- **Dataset records**:
####################

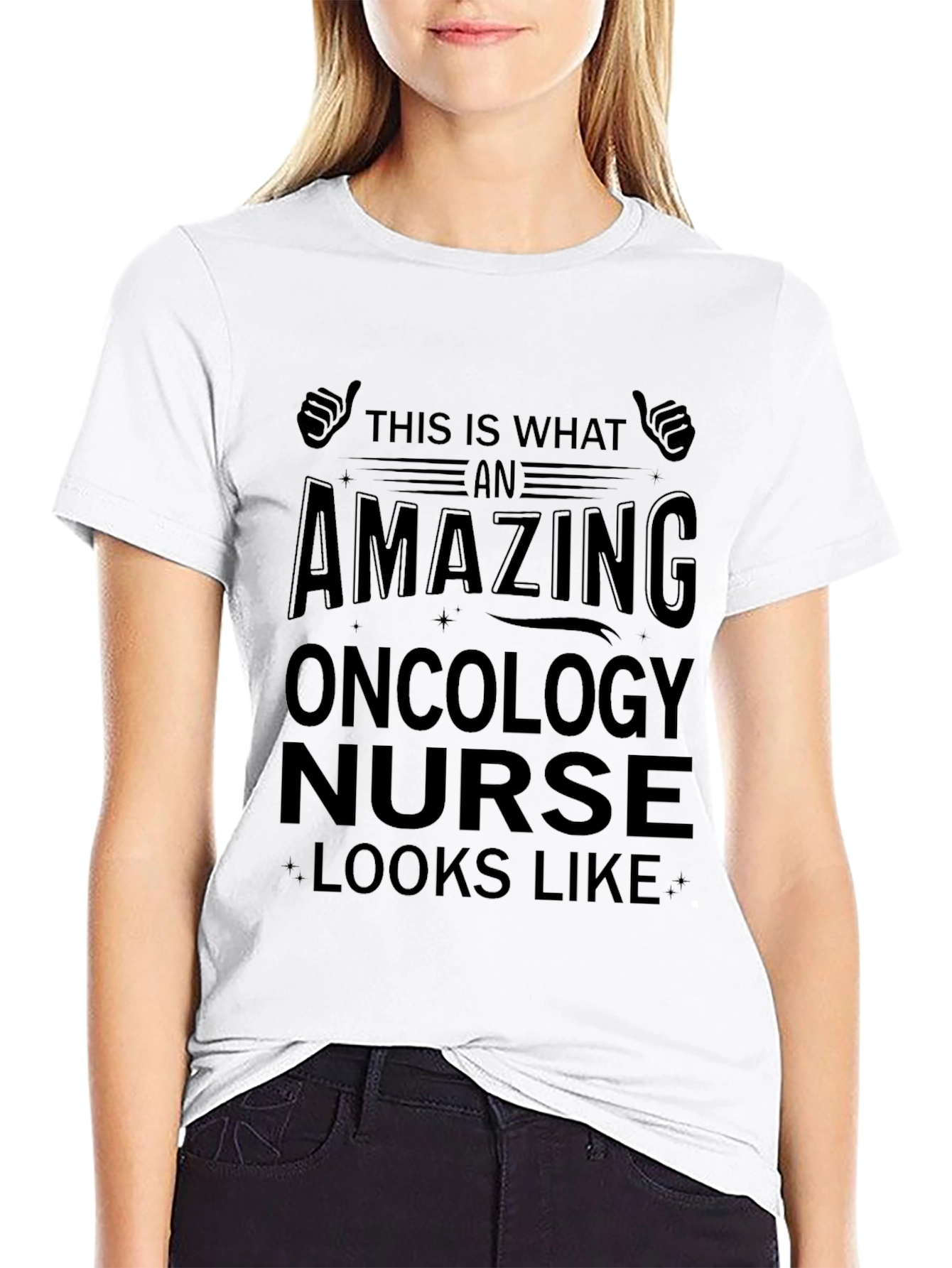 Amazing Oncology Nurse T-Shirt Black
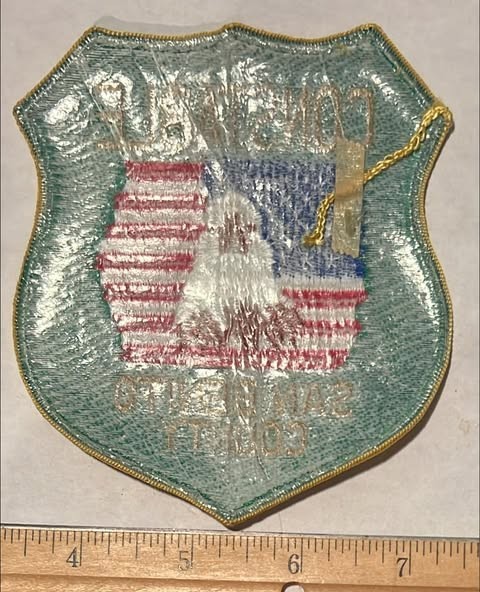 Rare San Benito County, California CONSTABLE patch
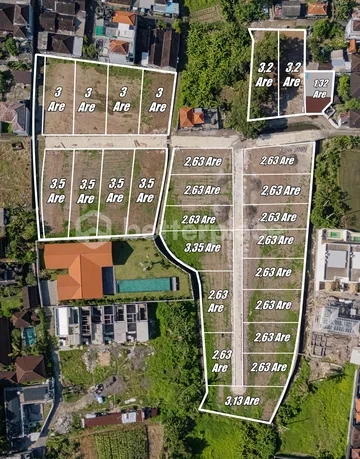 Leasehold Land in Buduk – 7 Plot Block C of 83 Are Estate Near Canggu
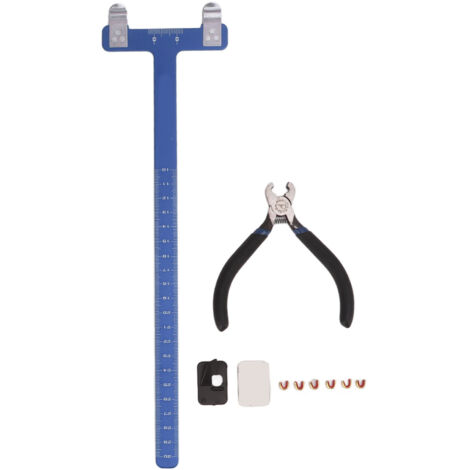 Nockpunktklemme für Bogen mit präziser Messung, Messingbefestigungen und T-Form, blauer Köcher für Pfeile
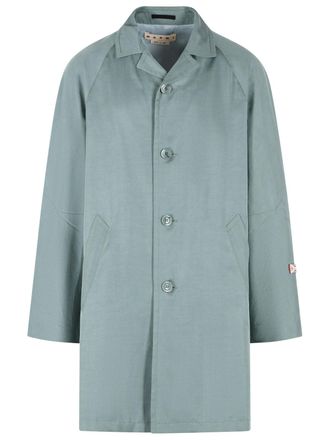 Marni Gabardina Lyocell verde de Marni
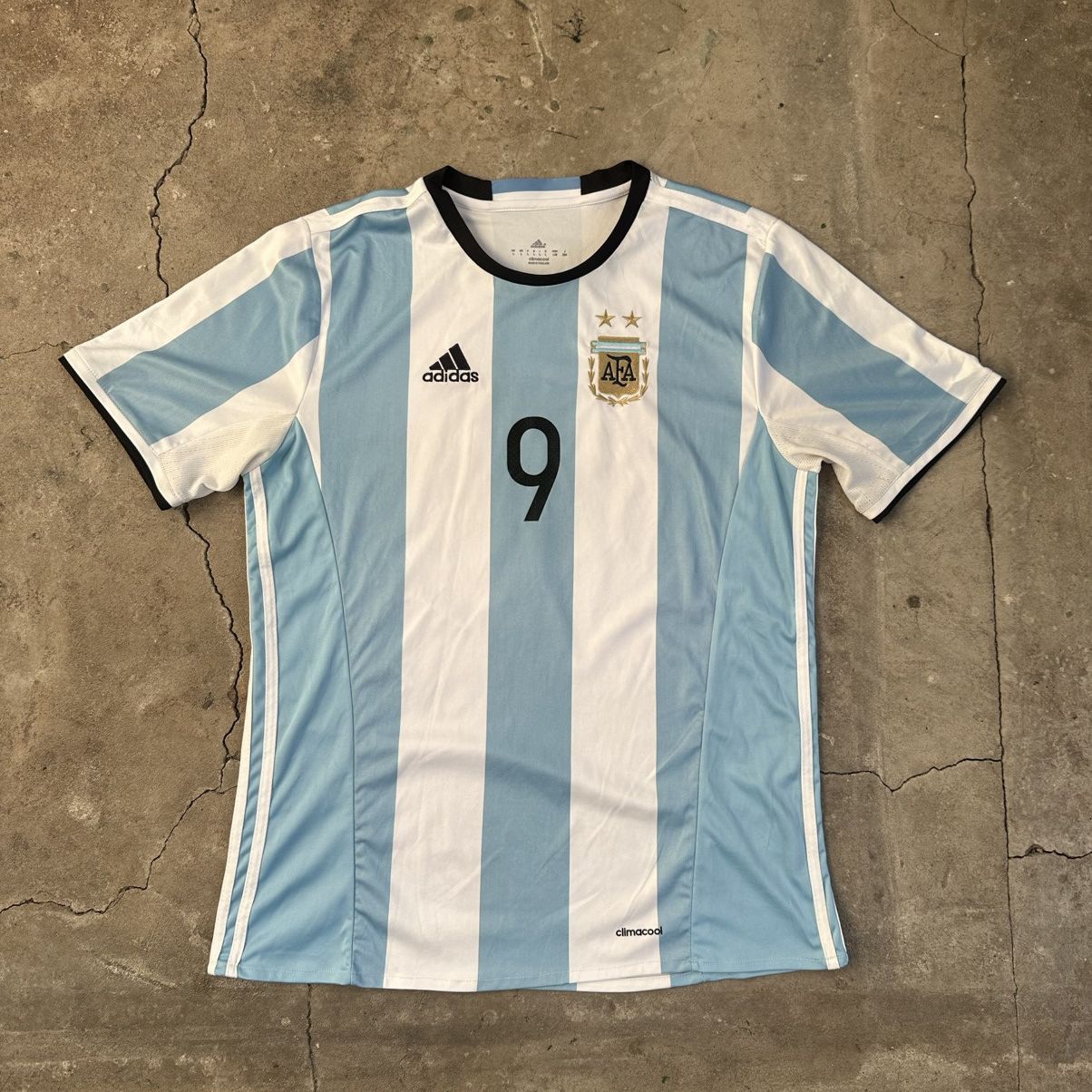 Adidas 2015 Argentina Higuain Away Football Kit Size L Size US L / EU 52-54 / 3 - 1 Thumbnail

####################

- **Try it**:
Please reproduce each entry exactly as given and omit the pictures.

- **Completed task**:
 Amazing Oncology Nurse T-Shirt Black
 Rare San Benito County, California CONSTABLE patch
 Leasehold Land in Buduk – 7 Plot Block C of 83 Are Estate Near Canggu
 Nockpunktklemme für Bogen mit präziser Messung, Messingbefestigungen und T-Form, blauer Köcher für Pfeile
 Marni Gabardina Lyocell verde de Marni
 Adidas 2015 Argentina Higuain Away Football Kit Size L Size US L / EU 52-54 / 3 - 1 Thumbnail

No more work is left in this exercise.